Decadal changes in the atmospheric circulation and associated surface climate variations in the Northern Hemisphere winter

This study attempts to investigate decadal-scale climate changes in the mid- and high latitudes of the Northern Hemisphere in winter 1989 by using various observational data for atmospheric parameters, sea surface temperature (SST), and snow cover. Decadal-scale changes in the winter atmosphere after 1989 are characterized as follows: a dipole pattern of height anomalies between midlatitudes and polar regions with an equivalent barotropic structure, temperature changes with cooling in the polar region and warming in midlatitudes in the middle troposphere, and associated reduction of the subtropical jet stream. Statistical tests applied to the 500-hPa height field reveal that the changes in 1989 are a distinct discontinuity or shift on the decadal scale with hemispheric extent. The spatial structure is interpreted as a linear combination of three teleconnections: the North Atlantic oscillation, Pacific-North American, and Eurasian patterns, in addition to the zonally symmetric dipole.

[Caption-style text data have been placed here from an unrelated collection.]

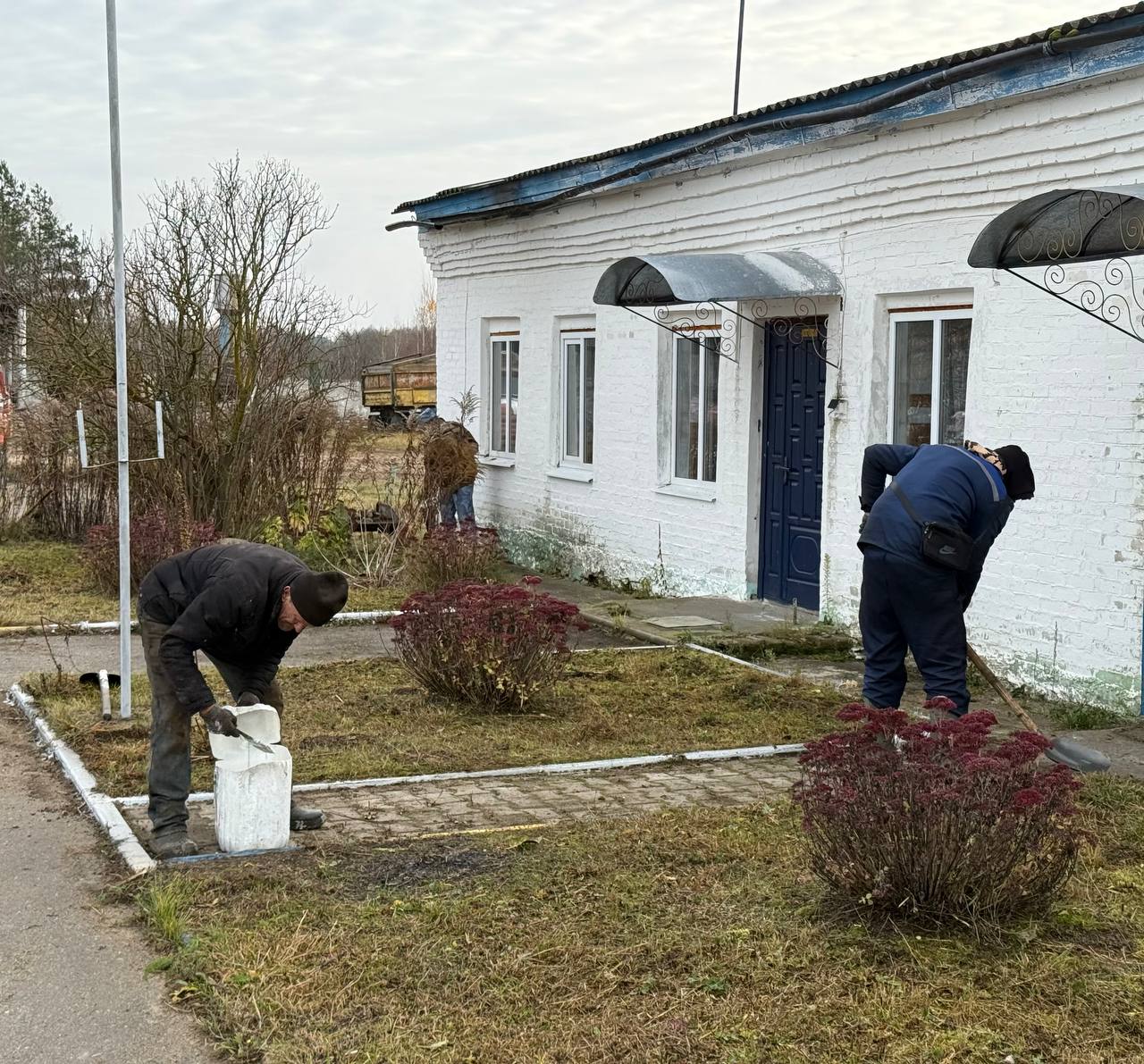 ОАО «Агрокомбинат «Восход» проводит мероприятия по благоустройству к 7 ноября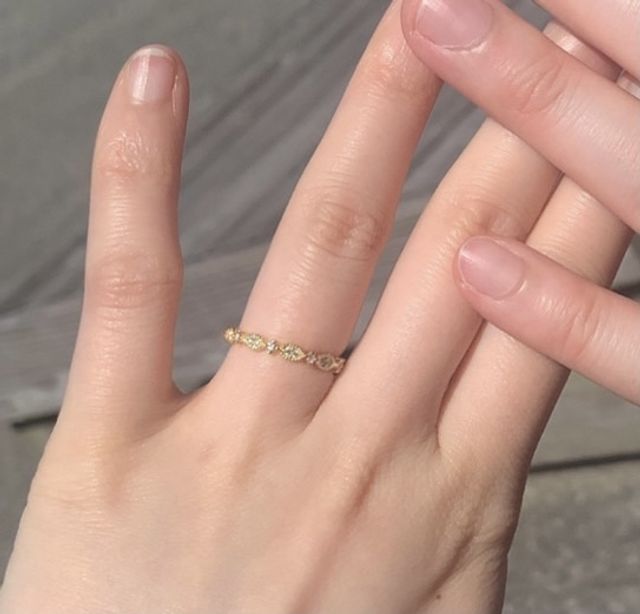 結婚指輪ぽ過ぎないデザインを選びました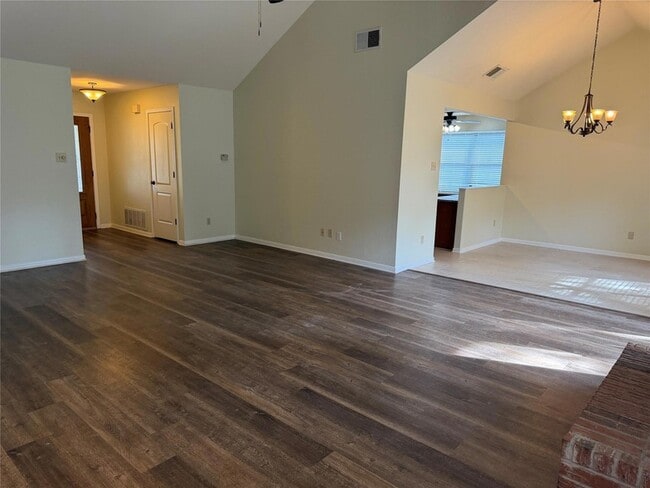 Building Photo - 11810 Rain Forest Cove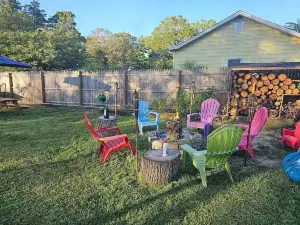 Family House closet to Motor sport, firepit, B.B.Q. and pet friendly.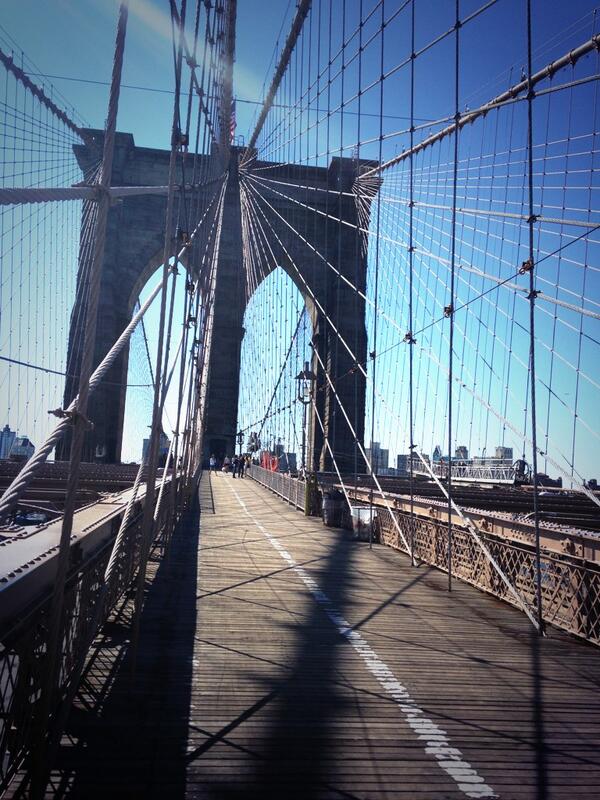 MiKeute's tweet photo. Working out on the Brooklyn bridge this morning http://t.co/UilmUyuNgX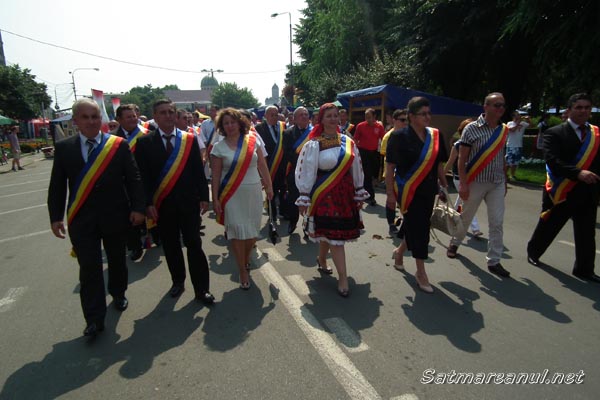 Reprezentanţii judeţului au defilat în jurul Parcului Central (galerie foto)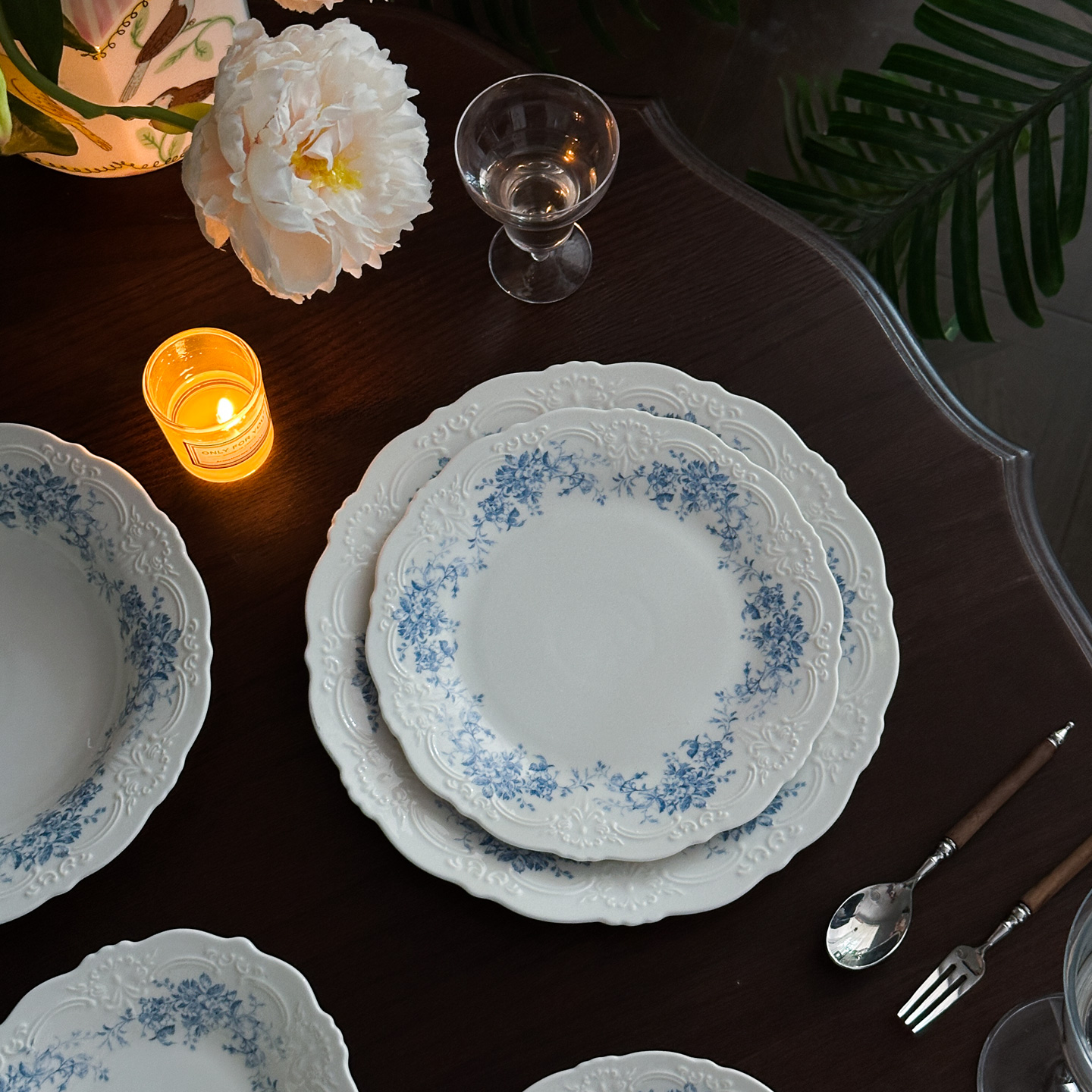 古典中古法式青花浮雕欧式 宫廷风餐盘 圆形牛排盘陶瓷家用餐厅碗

On the other hand, the sharpness of decadal changes in 1989 arises from synchronous phase shifts of interdecadal variations over the Pacific Ocean and quasi-decadal variations over the North Atlantic. Similar concurrence is also found in winter 1977. In agreement with previous studies, the interdecadal atmospheric variations over the North Pacific reveal a strong coupling with tropical/extratropical SST anomalies in the Pacific Ocean. A relationship between the quasi-decadal variability of the North Atlantic atmosphere and underlying SST anomalies is relatively tenuous. Surface air temperatures show a warming over all of Eurasia after winter 1989. It is shown by the analysis of snow cover in the Northern Hemisphere derived from NOAA satellites that a large decrease (increase) of the snow extent over the eastern part of the Eurasian continent occurred in autumn 1988 (1976) prior to winter 1989 (1977). It is suggested that the anomalies in the Eurasian snow cover during autumn play a role as an amplifier in the atmospheric shifts. These snow anomalies may be as important for the atmospheric changes as changes in SSTs.